La vie artisanale de Tunis remonte bien avant le XIIIe siècle, qui coïncide avec l'arrivée des Hafsides au pouvoir. C'est pourtant grâce aux princes de cette dynastie que la plupart des souks sont mis en place et localisés définitivement dans la médina. Les souks sont alors le cœur économique de la Tunisie, les activités de négoce avec l'étranger, la production artisanale mais aussi le commerce des produits agricoles provenant des campagnes ayant lieu en son sein. Très vite, selon les différentes nuisances inhérentes aux métiers, les souks sont organisés selon un schéma simple. Près du cœur de la médina, constitué par la mosquée Zitouna, ainsi que dans la partie haute et occidentale de la ville sont regroupés les métiers dit nobles car ne causant ni nuisance sonore ou odorante ; les autres métiers sont relégués dans la périphérie ou vers la partie basse (Bab El Bhar) et orientale de la ville. Apparaît alors ce qu'on nomme une hiérarchie des métiers au sein des souks de la médina[2].
Sommaire
Souks Ech-Chaouachine
Ces trois souks ont été construits par le mouradite Mohamed Bey El Mouradi en 1691[3]. À cette époque, ce sont les immigrés andalous qui importent la technique de fabrication de la chéchia. C'est une véritable industrie au vu du nombre de corps de métier impliqués dans sa fabrication. Au début du XVIIe siècle, c'est déjà la première industrie du pays en termes de quantités écoulées où exportées vers tous les ports du bassin méditerranéen. Les chroniqueurs de l'époque affirment que les marges bénéficiaires variaient entre 30 % et 100 % alors que la production avait atteint un niveau de près de 480 000 chéchias vendus par an en Tunisie ou exportés.

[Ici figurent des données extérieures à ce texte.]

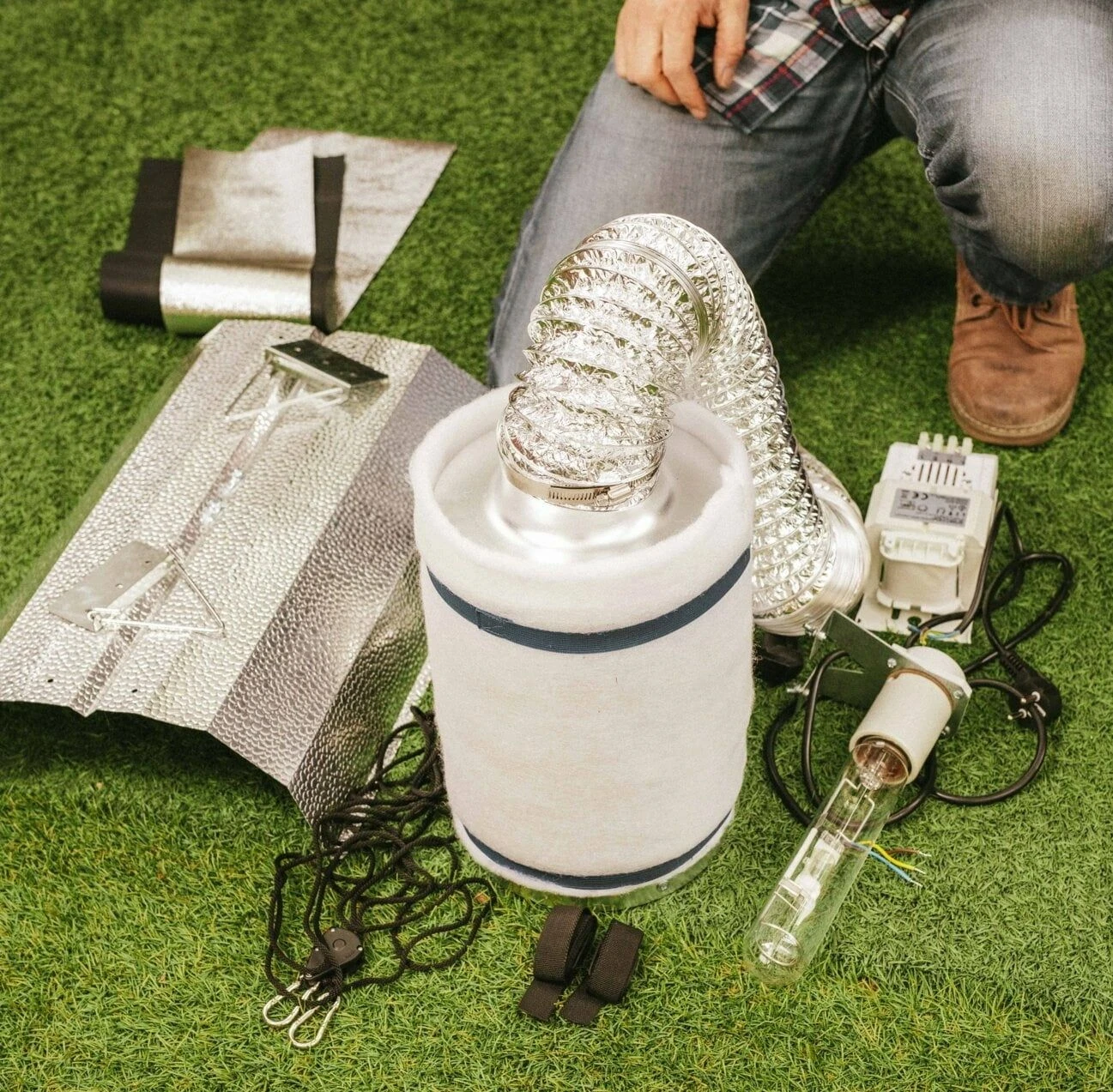 Windhager Growbox Starterset 5 Windhager Growbox Starterset – Bild 3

La chéchia est un bonnet en laine de couleur rouge et ornée, pour les plus luxueuses, d'un gland de soie bleue ou noire. Sa confection, qui exige plus de deux mois de travail, est segmentée en tâches telles que le tricotage qui se fait à l'Ariana, la couture à Bab Souika, le lavage et le foulage à Tebourba sur le pont-barrage d'El Battan, la teinture à Zaghouan et enfin la mise en forme, le feutrage et la finition dans les ateliers des souks de Tunis. Ces travaux sont effectués par des ouvriers et des apprentis sanaa alors que le patron ou maalem se tenait au comptoir pour accueillir la clientèle et les grossistes qui exportaient les chéchias principalement vers la Turquie, le Levant, l'Algérie et l'Égypte. Plusieurs compagnies ou cherikas, composées de fabricants et de négociants, ouvraient des bureaux à Istanbul où ils contrôlaient la vente sur ce marché très important. De plus, elles devaient acheter d'importantes quantités de matières premières comme la laine en Espagne et en Italie, la cochenille dans le sud de la France et la soie du Proche-Orient.

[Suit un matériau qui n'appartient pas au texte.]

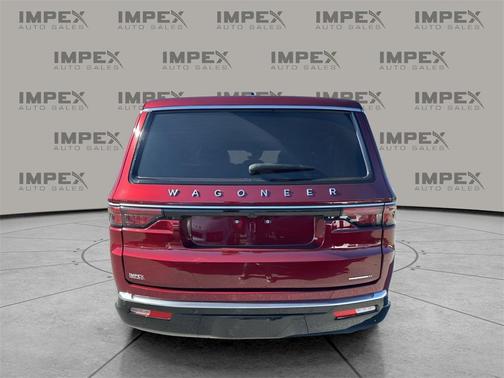 2024 Jeep Wagoneer L Series II 4x4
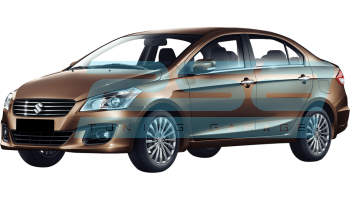 PSA Tuning - Model Suzuki Ciaz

Les fabricants étaient organisés en corporation, comme tous les autres métiers des souks. Le président du syndic était élu par ses pairs ou nommé par le bey régnant selon les époques, preuve de l'importance de cette activité pour la Tunisie. Il était d'office nommé président du syndic de tous les commerçants de la capitale. Son rôle était d'organiser la corporation, de recommander des prix moyens, de définir des standards de qualité et de régler les contentieux entre membres de la corporation ou avec les intervenants extérieurs comme les fournisseurs ou les négociants.
Souk El Attarine
Construit en 1240 par le souverain hafside Abû Zakariyâ Yahyâ, le souk des parfumeurs est le plus ancien de Tunis. Ce souk se trouve dans l'immédiate proximité de la grande mosquée Zitouna. En effet, les métiers nobles et propres sont les seuls à avoir le droit de côtoyer ce sanctuaire, le métier de parfumeur étant considéré comme l'un des plus raffiné. On y vend des parfums composés d'essences rares et précieuses mais on y trouve aussi de l'encens provenant d'Inde et du Yémen, ainsi que certains produits de beauté.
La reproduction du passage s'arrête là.